A Call to Prayer
What a joy it is to connect with one another in this very moment in our story of grace.
I have always steered clear from digging deeper into the story of Jonah. I stumble over the question "did a large fish really snarf up Jonah as he lived inside it for days?" Our lectionary, the passages from the Bible selected for us to hear this week, invites us to read from none other than the Hebrew story of Jonah. It is exactly the story we need to wrestle with today. The Book of Jonah is about looking inside ourselves and our neighbors at the definition of what it means to have a national image and/or set of values. It calls us to discern what it means to be Christians in a time such as this.
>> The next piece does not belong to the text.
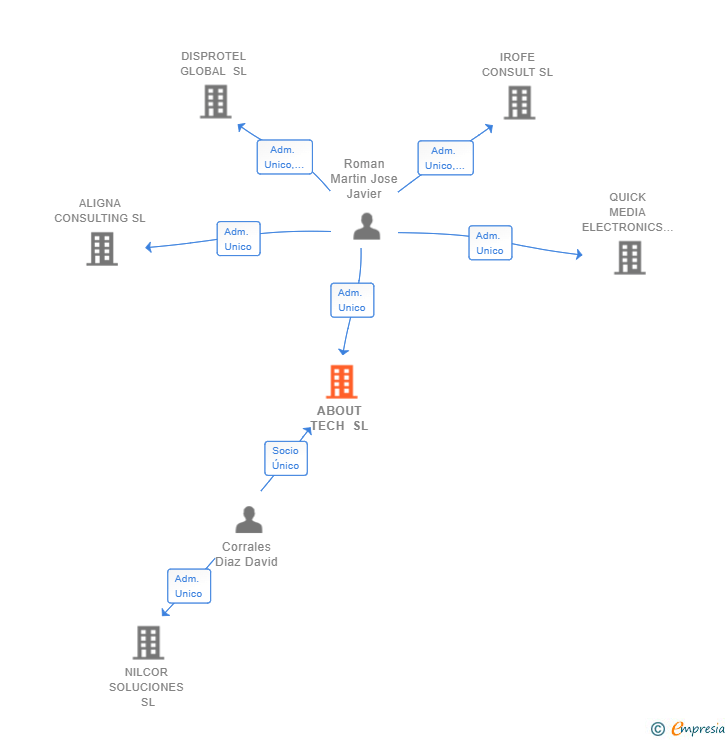 Vinculaciones societarias de ABOUT TECH SL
Christian theologian, Dr. David Lose (an ELCA pastor), invites us to acknowledge our national crisis as step one. Then we boldly take on the hard work to have confidence that there are solutions to every crisis but that each of us are to personally commit to and respond (not react) with compassion and kindness. I would go a step farther and connect the dots with Jonah to our moment right now. I believe God is calling us, not because we want to take on the hard work of transformation, but because the mission of God invites as well as demands each to join in a God-size message of hope. We are transformed inside so that together, we have the strength to profess to the world that all of creation is loved and forgiven, now and for all times.
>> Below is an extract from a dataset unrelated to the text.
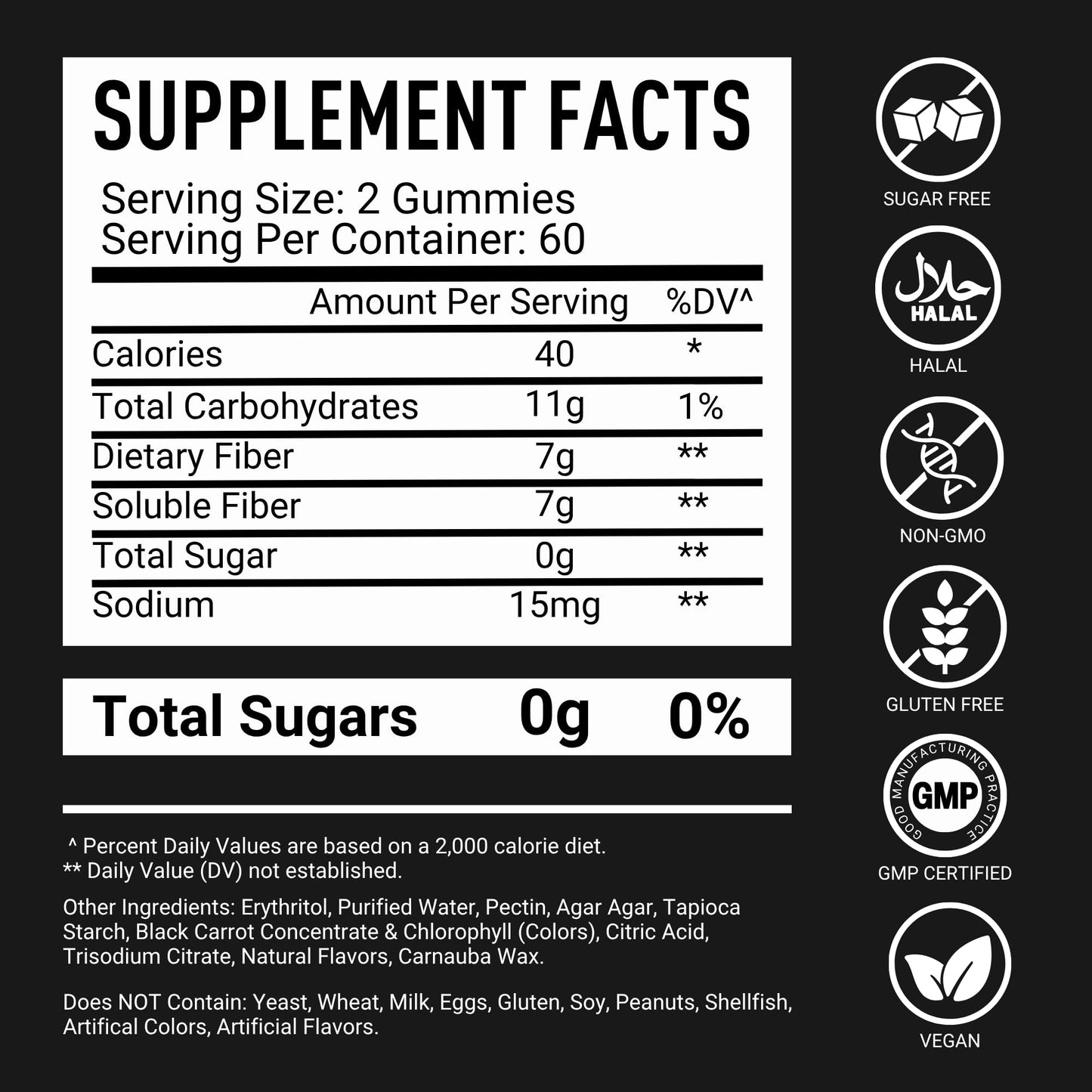 Premium Select Nutrition Fiber Gummies for Adults Sugar Free – 7g Daily Fiber with Prebiotics – Extra Strength Gummy Supplement, 120 Gummies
During the recent inauguration of our president, I was inspired to hear what I believe is at the core of our understanding of our relationship with God and with one another. Speakers invited each of us to listen to one another’s personal stories as well share our own with a sense of humility and mutuality. It is in the listening, learning, and growing that we are transformed as individuals and transformed as a nation, just like Jonah and the people of Nineveh.
God knew Jonah’s story and God knew the story of the people of Nineveh. God encouraged and nudged Jonah to pause and acknowledge his fear and heartache in both the story of the fish and in the story of the tree. Jonah’s story is God’s story of grace for all people.
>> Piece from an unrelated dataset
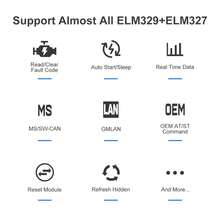 ELM327 V2.2 Bluetooth 3.0 4.0 OBD2 Scanner OBD 2 BimmerCode FORScan Auto Car Diagnostic Tools ELM 327 - For Bluetooth 3.0 Android - View 8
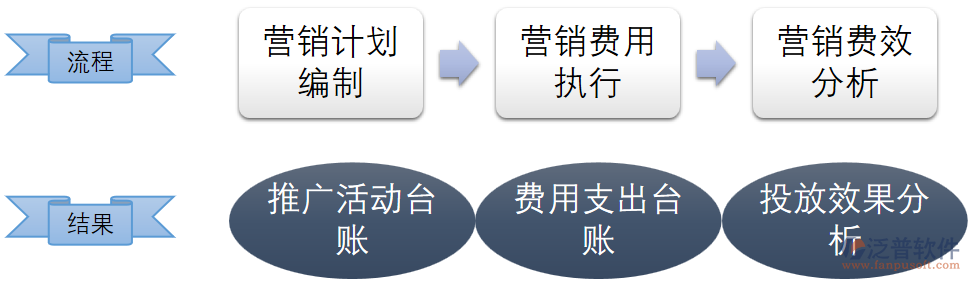 營(yíng)銷(xiāo)費(fèi)效管控.png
What is on your mind, in your story, or part of the here and now that makes you want to run or hide, strike back, or give up? What is stirring your heart to be closer to God and closer to others? Jonah didn’t want to be transformed inside nor did he want to share that message with others. God saw that Jonah was exactly the person who not only could be transformed but would stand up and step into God’s story of grace for all of God’s people.
It begins with the gift in the here and now that you and I confess that we have turned our back away from God. "We have sinned by thought, word, and deed by what we have done and what we have left undone. We have not loved our neighbors as ourselves" (ELW Confession, page 95 ). God responds with a forever grace - you are forgiven.
What has you distracted, overwhelmed, or simply stuck and can’t move forward?
God invited Jonah to pray. God invited the people of Nineveh to pray. To spend time with God in the quiet is an opportunity to open our hearts to prayer and reflection. We listen and are still so that we can respond and be God’s hands, feet, and voice to a broken world.
This is indeed the days that the Lord has made. How will you and I live, rejoice, and do the challenge work to speak justice and compassion, to act with mercy for all people throughout the hours of each day of life?
Overwhelmed? Or are you and I, the church, our homes, our communities, or are nation on the edge of inspiration because we are ready? I invite you to begin with prayer. I invite you to step up and step into worship. I invite us to imagine, create, grow, and serve one another with God-size acts of love.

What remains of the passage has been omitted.